[B.A.T.M.A.N.] A few more comments on the BATMAN routing protocol
by Juliusz Chroboczek
Hello to all,
As some of you may remember, I made a few comments about the BATMAN
routing protocol, as described in the draft of 7 April 2008 (the
so-called ``mark 3'' version). These comments can be found on
http://mid.gmane.org/7itzdzzero.fsf@lanthane.pps.jussieu.fr
I have received a few replies, some of which were public but many of
which were private. Unfortunately, no one of these replies appears to
be an authoritative reply of the BATMAN developers, so there is no
easy-to-quote document I can reply to.
Before I engage in a point-by-point reply, I'd like to mention that
there appears to be a ``mark 4'' protocol and a ``BMX'' protocol in
development, which apparently solve some of the issues I mentioned.
This is good to hear, and I'd like to see a specification of these
mythical protocols.
1. Exponential convergence
**************************
My claim that there exist topologies in which average-case convergence
of BATMAN is exponential in the number of hops has been confirmed by
two of the BATMAN developers. I still believe this to be a very
significant flaw of BATMAN.
Elektra claimed that this is the desired ``fish-eye'' behaviour.
I disagree with that -- exponential convergence is exponential
convergence, whatever name you give to it.
Axel Neumann spoke about TCP inefficiencies in the presence of packet
loss. I do not understand how that relates to the issue at hand.

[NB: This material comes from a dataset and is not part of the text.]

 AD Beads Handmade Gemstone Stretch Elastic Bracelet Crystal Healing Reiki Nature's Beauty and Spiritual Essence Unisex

I'd like to remind everyone that all of OLSR, AODV and Babel exhibit
linear-time convergence in all cases.
2. Lack of loop avoidance
*************************
A few of my correspondents have pointed out that BATMAN does in fact
have a loop avoidance mechanism. I therefore retract my claim that
BATMAN causes persistent routing loops.
Unfortunately, none of the mails I received described the loop
avoidance mechanism, and the few hints that were given do not appear
to correspond to anything that's described in the draft. Hence, I am
unable to evaluate BATMAN's loop avoidance mechanism, and in
particular I cannot determine whether it causes starvation or leads to
sub-optimal routing.
I am looking forward to a detailed description of BATMAN's loop
avoidance mechanism.
3. Unrealistic metric
*********************
This was confirmed by a few people, and is apparently worked around in
the next version of the protocol. I am eagerly looking forward to
a complete description of the ``mark 4'' version of the BATMAN
protocol.
4. Lack of aggregation
**********************
This is apparently fixed in the next version of the protocol. I am
eagerly looking forward to a complete description of the ``mark 4''
version of the BATMAN protocol.
5. Jitter is not compulsory
***************************
This was confirmed. It is still unclear to me whether the BATMAN
implementation does apply jitter.
Juliusz
14 years, 5 months
[B.A.T.M.A.N.] Re: A few comments on the BATMAN routing protocol
by Axel Neumann
Hello!
I also want to thank you a lot for your good comments.
And by the way add my two cents (mostly inline) :-)
I also want to point out that the draft does not represent the latest state of
our implementations. When we started to write the draft we had to start with
something well tested and understood. So we decided to to take the protocol
as implemented in batman-0.2 as a basis. Some time has passed since then...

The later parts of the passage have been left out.